En estos días de reflexión por la vida y obra de la Santa peruana, Rosa de Lima, Patrona de la Policía Nacional, Patrona de las Américas y de las Filipinas, reconocida en lugares como la ciudad de Pereira en Colombia, donde existe una catarata que lleva su nombre, nos preguntamos si nuestra vida en algo se asemeja a la devota caracterizada por estar rodeada de hermosas rosas.
Además de tener el pozo milagroso por donde los limeños y mucha gente cristiana católica que pasa por Lima, deposita sus más entrañables deseos, lanzándolos escritos en papelitos que van hasta la profundidad de lo que antes fue una fuente de agua, ahora es una fuente de milagros y deseos concedidos, según los testimonios de cientos de fieles que años tras años visitan el templo de Santa Rosa para agradecerle.
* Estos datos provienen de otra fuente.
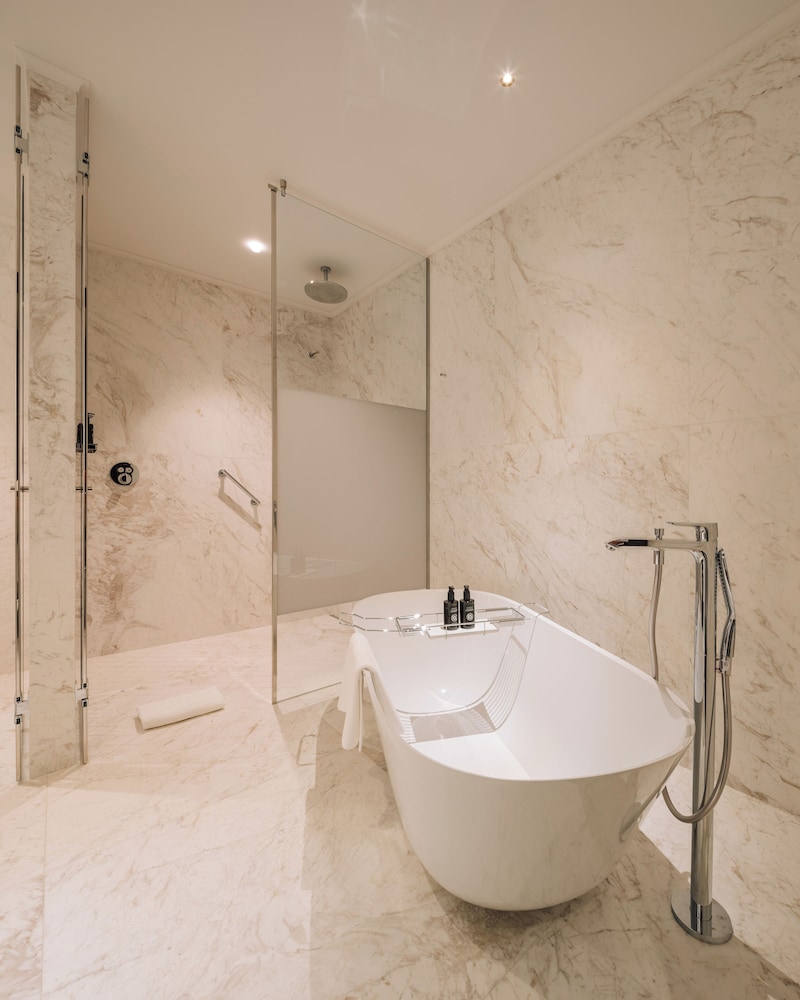 MYTHIC SANA Downtown Suites 50/50
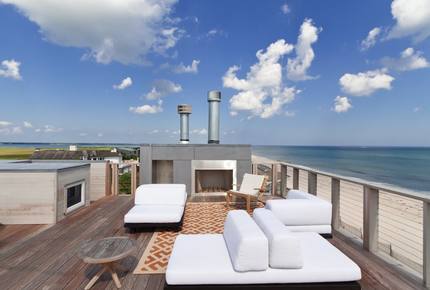 Westhampton Beach Dune House - East Quogue, New York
Ya Jesús en su paso por la tierra dijo que la fe mueve montañas, y nos dijo también que construir esa fe, ciega y esperanzadora no es fácil, implica sacrificio, ser ejemplo, y, más aún, llevar una vida de acuerdo a las escrituras, y más complicado todavía, cumplir con los Diez Mandamientos de la Ley de Dios. Tremenda carga sobre nuestras débiles espaldas, no precisamente en el aspecto físico, sino en la vulnerabilidad de nuestro espíritu que más se inclina a lo material y que para conseguirlo estropeamos nuestra débil fe.
A Santa Rosa la miramos como una esperanza de solución a nuestros males, principalmente. Sin embargo, muy pocos que la visitan hablan sobre las acciones de su vida diaria y nosotros que estamos al otro lado del mapa costeño, también tendríamos que hacernos la misma pregunta. Cuán solidarios somos, cuánto nos conmueve el dolor del vecino que quizá podríamos ayudar a solucionarlo, y así una larga lista de cuánto hacemos por el prójimo.